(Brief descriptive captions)
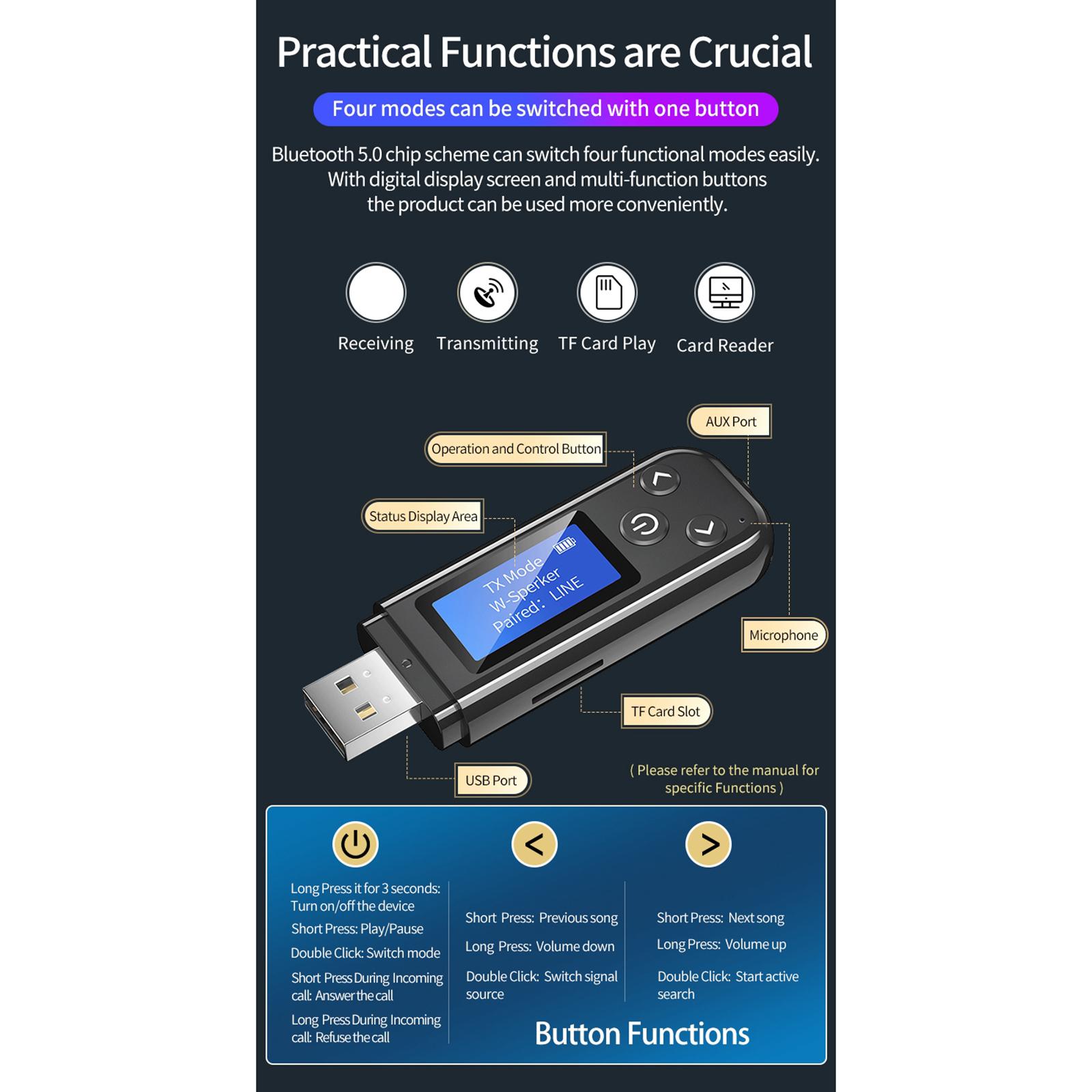 Bluetooth Transmitter for TV,Bluetooth Adapter Receiver with LCD Display,USB Bluetooth Transmitter for TV Car PC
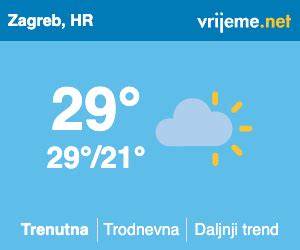 Vremenska prognoza Bačka Topola ⛅ Danas, sutra, 7 dana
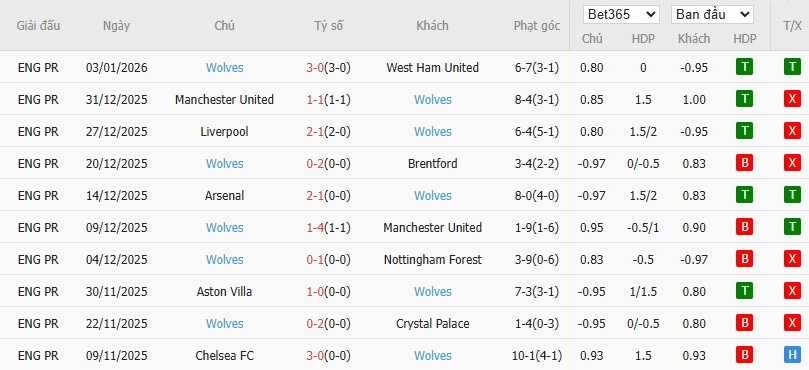 Nhật định phạt góc Everton vs Wolves, 2h30 ngày 08/01 - Ảnh 5
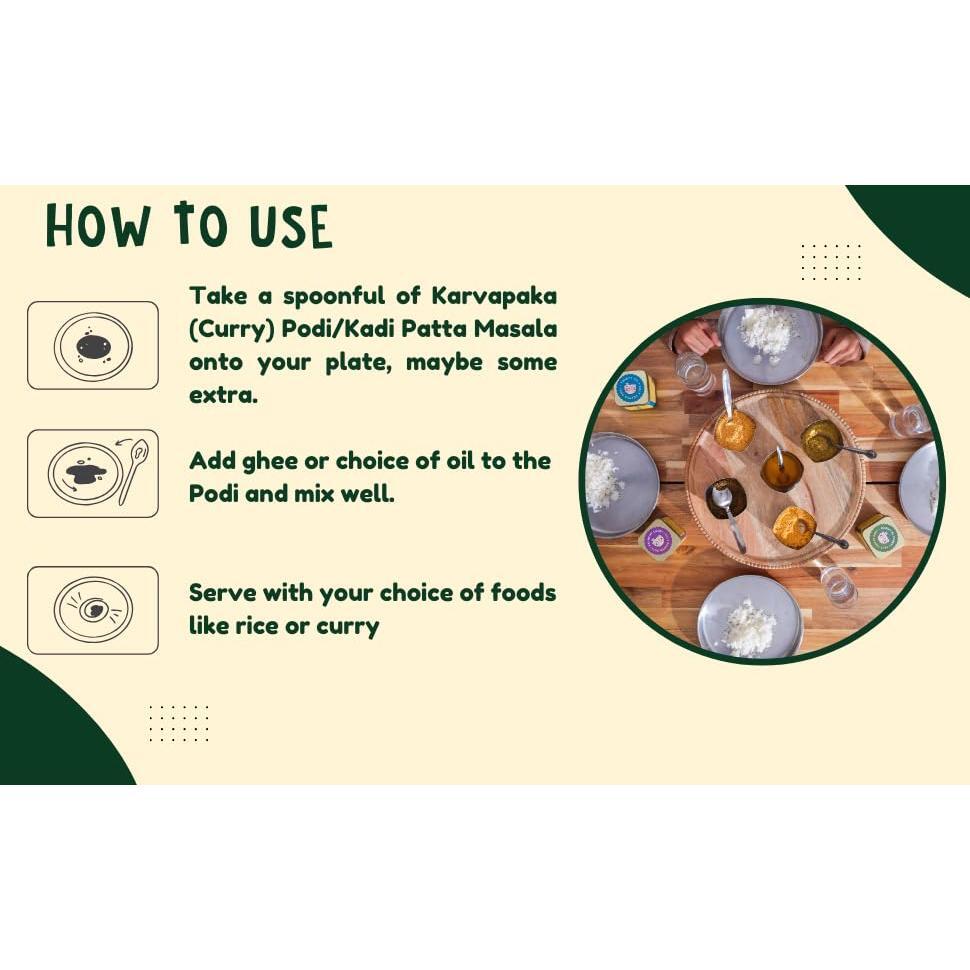 Salt Pepper Podi | Carnival Curry Podi | Exquisite Blend of Aromatic Spices | Mouthwatering Taste | Authentic South Indian Cuisine | Natural & Aromatic - Refill Pack - (3.52Oz / 100Gm)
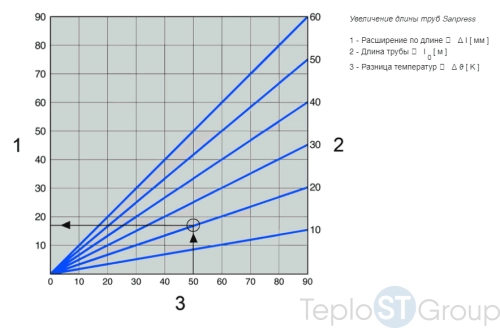 Труба из нержавеющей стали VIEGA 35х1.5 нерж. сталь 1.4401 (6м) 807153 - купить с доставкой по России фото 3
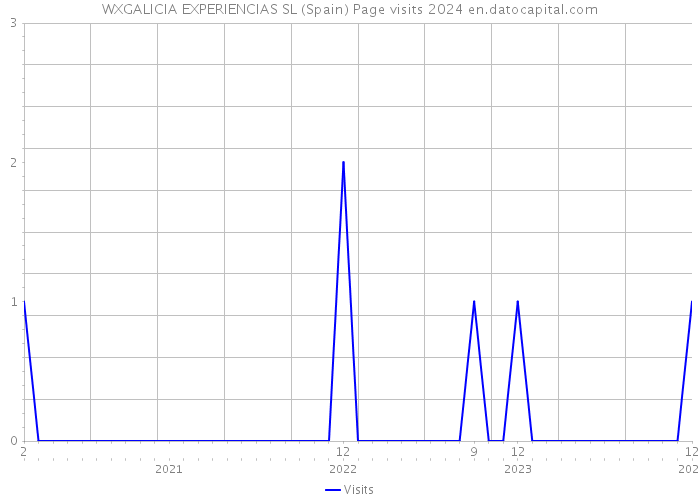 WXGALICIA EXPERIENCIAS SL (Spain) Page visits 2024 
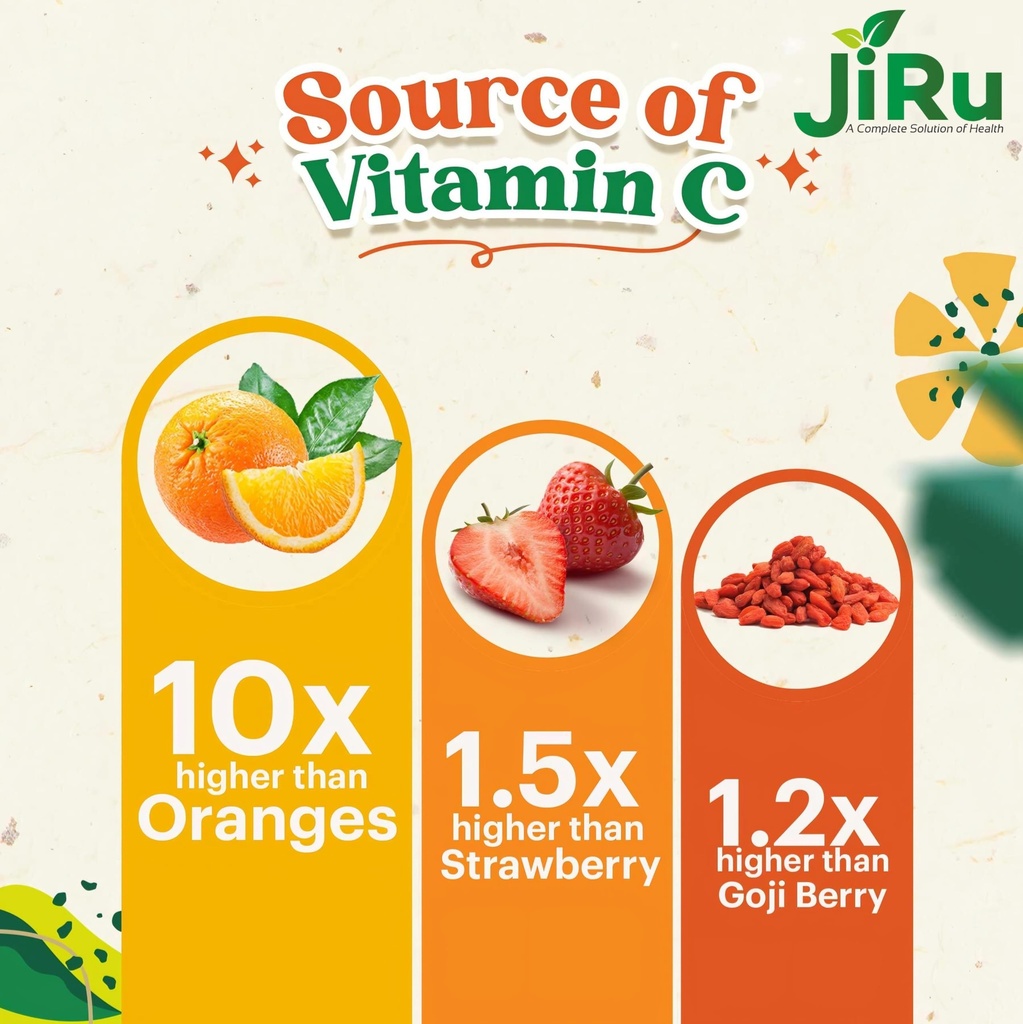 jiru-sea-buckthorn-capsule-for-healthy-h-81+qF9ZSE0L.jpg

__Prompt__.
From the line containing "Nhật định phạt" to the last line of the records, inclusive, output the lines exactly as written and nothing else; leave out the pictures.

__Solution to this task__.
 Nhật định phạt góc Everton vs Wolves, 2h30 ngày 08/01 - Ảnh 5
 Salt Pepper Podi | Carnival Curry Podi | Exquisite Blend of Aromatic Spices | Mouthwatering Taste | Authentic South Indian Cuisine | Natural & Aromatic - Refill Pack - (3.52Oz / 100Gm)
 Труба из нержавеющей стали VIEGA 35х1.5 нерж. сталь 1.4401 (6м) 807153 - купить с доставкой по России фото 3
 WXGALICIA EXPERIENCIAS SL (Spain) Page visits 2024 
 jiru-sea-buckthorn-capsule-for-healthy-h-81+qF9ZSE0L.jpg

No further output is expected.